▶ _Work required_: Down to the last character, repeat the data that follows.

▶ _Provided data_:
********

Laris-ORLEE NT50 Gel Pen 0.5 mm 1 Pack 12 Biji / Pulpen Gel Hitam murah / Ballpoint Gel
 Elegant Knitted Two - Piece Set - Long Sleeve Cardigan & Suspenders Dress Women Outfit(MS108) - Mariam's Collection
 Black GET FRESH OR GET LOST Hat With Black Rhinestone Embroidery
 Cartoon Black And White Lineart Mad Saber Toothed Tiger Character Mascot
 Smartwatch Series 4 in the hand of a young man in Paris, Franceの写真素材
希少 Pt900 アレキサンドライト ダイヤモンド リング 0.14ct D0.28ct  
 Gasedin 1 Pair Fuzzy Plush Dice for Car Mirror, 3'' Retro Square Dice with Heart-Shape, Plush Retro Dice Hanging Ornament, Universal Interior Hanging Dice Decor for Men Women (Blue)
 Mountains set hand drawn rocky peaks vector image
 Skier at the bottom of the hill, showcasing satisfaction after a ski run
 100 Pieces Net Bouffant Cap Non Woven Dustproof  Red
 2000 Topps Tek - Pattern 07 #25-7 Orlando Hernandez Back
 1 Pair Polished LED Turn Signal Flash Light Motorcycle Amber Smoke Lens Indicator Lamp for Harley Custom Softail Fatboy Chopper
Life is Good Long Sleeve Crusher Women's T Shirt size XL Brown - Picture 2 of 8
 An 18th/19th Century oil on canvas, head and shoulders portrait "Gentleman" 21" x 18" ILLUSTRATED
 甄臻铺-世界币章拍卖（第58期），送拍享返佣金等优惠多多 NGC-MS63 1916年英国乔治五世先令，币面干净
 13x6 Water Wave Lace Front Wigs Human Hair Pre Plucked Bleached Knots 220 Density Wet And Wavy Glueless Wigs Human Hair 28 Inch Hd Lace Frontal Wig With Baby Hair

********

▶ _Reply_:
Laris-ORLEE NT50 Gel Pen 0.5 mm 1 Pack 12 Biji / Pulpen Gel Hitam murah / Ballpoint Gel
 Elegant Knitted Two - Piece Set - Long Sleeve Cardigan & Suspenders Dress Women Outfit(MS108) - Mariam's Collection
 Black GET FRESH OR GET LOST Hat With Black Rhinestone Embroidery
 Cartoon Black And White Lineart Mad Saber Toothed Tiger Character Mascot
 Smartwatch Series 4 in the hand of a young man in Paris, Franceの写真素材
希少 Pt900 アレキサンドライト ダイヤモンド リング 0.14ct D0.28ct  
 Gasedin 1 Pair Fuzzy Plush Dice for Car Mirror, 3'' Retro Square Dice with Heart-Shape, Plush Retro Dice Hanging Ornament, Universal Interior Hanging Dice Decor for Men Women (Blue)
 Mountains set hand drawn rocky peaks vector image
 Skier at the bottom of the hill, showcasing satisfaction after a ski run
 100 Pieces Net Bouffant Cap Non Woven Dustproof  Red
 2000 Topps Tek - Pattern 07 #25-7 Orlando Hernandez Back
 1 Pair Polished LED Turn Signal Flash Light Motorcycle Amber Smoke Lens Indicator Lamp for Harley Custom Softail Fatboy Chopper
Life is Good Long Sleeve Crusher Women's T Shirt size XL Brown - Picture 2 of 8
 An 18th/19th Century oil on canvas, head and shoulders portrait "Gentleman" 21" x 18" ILLUSTRATED
 甄臻铺-世界币章拍卖（第58期），送拍享返佣金等优惠多多 NGC-MS63 1916年英国乔治五世先令，币面干净
 13x6 Water Wave Lace Front Wigs Human Hair Pre Plucked Bleached Knots 220 Density Wet And Wavy Glueless Wigs Human Hair 28 Inch Hd Lace Frontal Wig With Baby Hair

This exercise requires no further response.